WME: Você entra no site na área de cadastro, imputa o seus dados e confirma. Após isso receberemos os dados e faremos a aprovação da professional. O perfil estará disponível no site em seguida.

HOUSE MAG: O que motivou a escolha da Biblioteca Mário de Andrade para a realização da parte diurna do WME?

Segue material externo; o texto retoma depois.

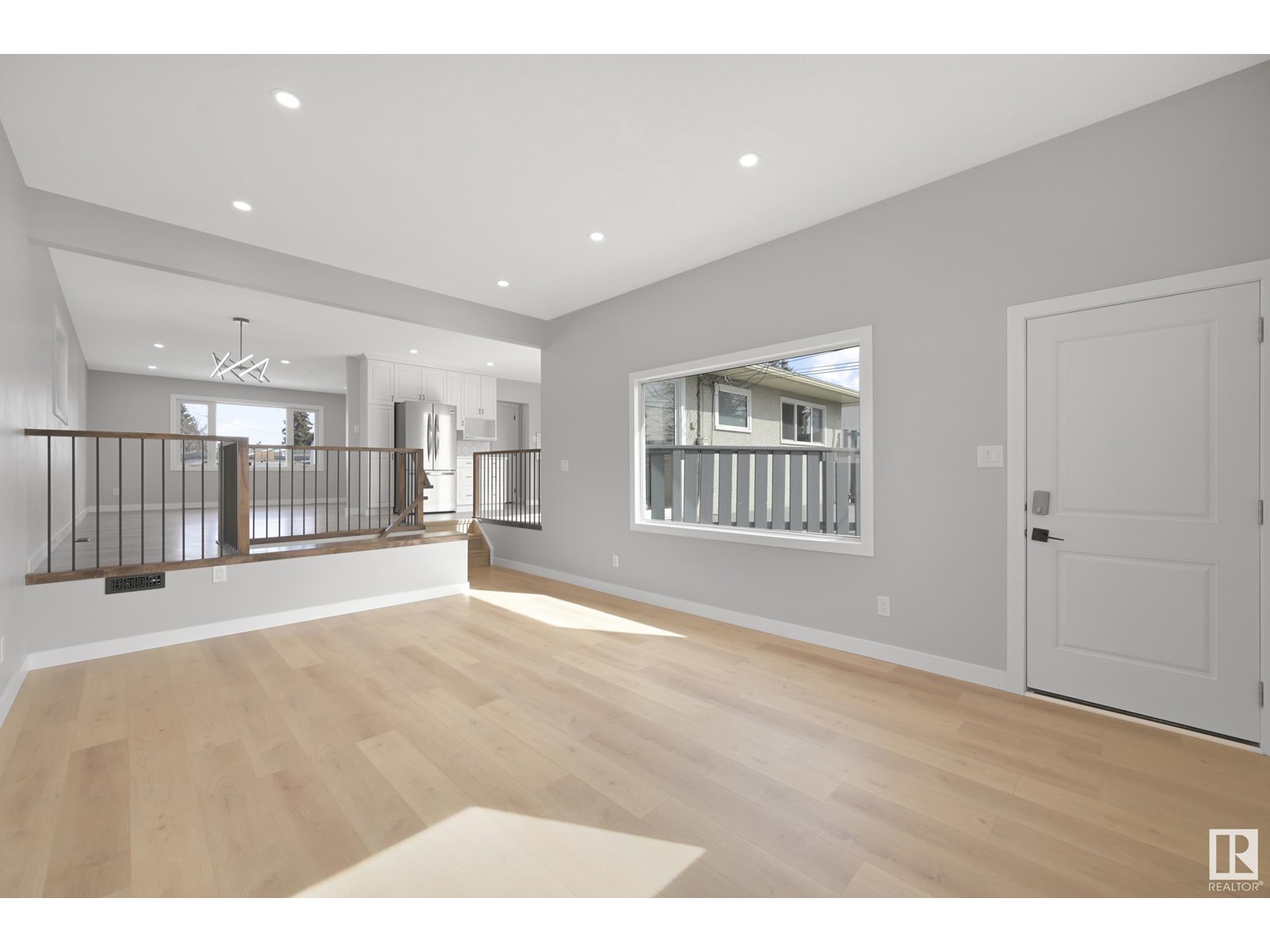 Photo 12 of 15705 86 Av Nw Nw, Edmonton AB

WME: Conversamos com a Karen Cunha (Diretora da Secretaria de Eventos da Prefeitura de SP) e ela nos deu algumas indicações de prédios públicos e pontuou a Biblioteca. Nós nos apaixonamos! O prédio histórico passou por uma grande reforma recentemente e está super moderno e é pouco explorado pelos paulistanos. A localização é perfeita e de fácil acesso no centro de São Paulo, o prédio tem toda a estrutura que precisamos e além de tudo fica aberta 24 horas.

HOUSE MAG: Por que a separação entre música eletrônica e demais gêneros musicais nos shows do WME?

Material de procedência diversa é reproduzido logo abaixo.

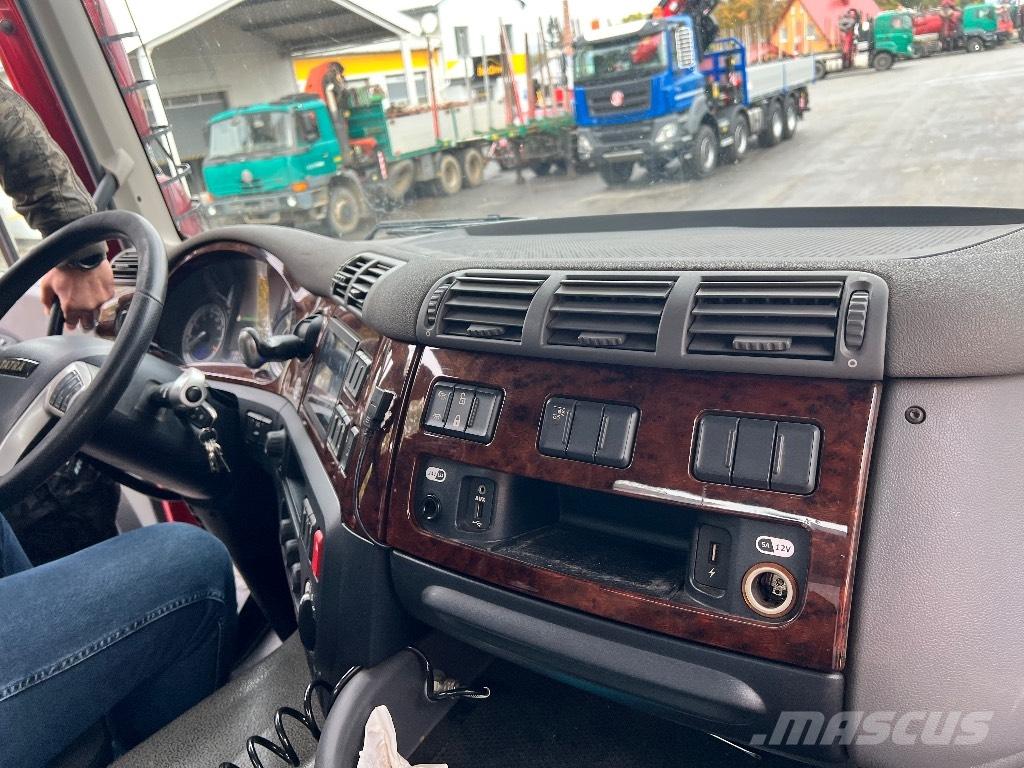 Tatra T158 Camion con sponde ribaltabili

WME: Teremos duas noites de eventos de porte pequeno/médio, foi mais por uma questão de espaço e sentido na curadoria do que separação de estilos. Até porque, quem for na conferência, terá acesso às duas festas e o que queremos é que xs participantes possam passear e ver esses diversos estilos. Quem sabe no futuro não façamos um festival onde os palcos terão representação de diversos estilos? Pensamos nisso também.

HOUSE MAG: Como se dará a seleção das artistas escaladas para os dias de shows do WME? E das palestras e workshops?

WME: Nosso sonho é conseguir ter representantes significativas de diversos gêneros da música nos shows do WME, mas claro que teremos uma limitação de budget. Estamos interessadas em trazer um panorama bem amplo da música para o palco do WME, do que há de mais underground e novo a grandes estrelas. Nas palestras e workshops, nosso intuito é convidar profissionais já atuantes do mercado da música, para que contem suas experiências e pontos de vista e possam passar um legado pra quem estiver assistindo. Desde profissionais de áreas técnicas, como musicistas que irão ministrar workshops, a empresárias, managers, bookers, jornalistas, produtoras culturais, serão mais de 50 profissionais falando nesses dois dias de conferência, esperamos cobrir todo o espectro da indústria musical.

HOUSE MAG: Por fim, deixem um recado para as mulheres da nossa indústria. E obrigado! 

WME: Mulheres, meninas, irmãs! Não deixem jamais alguém dizer que você não pode fazer alguma coisa porque você é mulher. Nascemos com o dom de gerar vida, e não há nada mais divino que isso. Lutemos juntas, com carinho e paciência (rs) pra que as próximas gerações convivam num mundo em que o gênero não seja mais uma questão. Mas, infelizmente, por enquanto é uma enorme questão. Vamos batalhar para melhorar!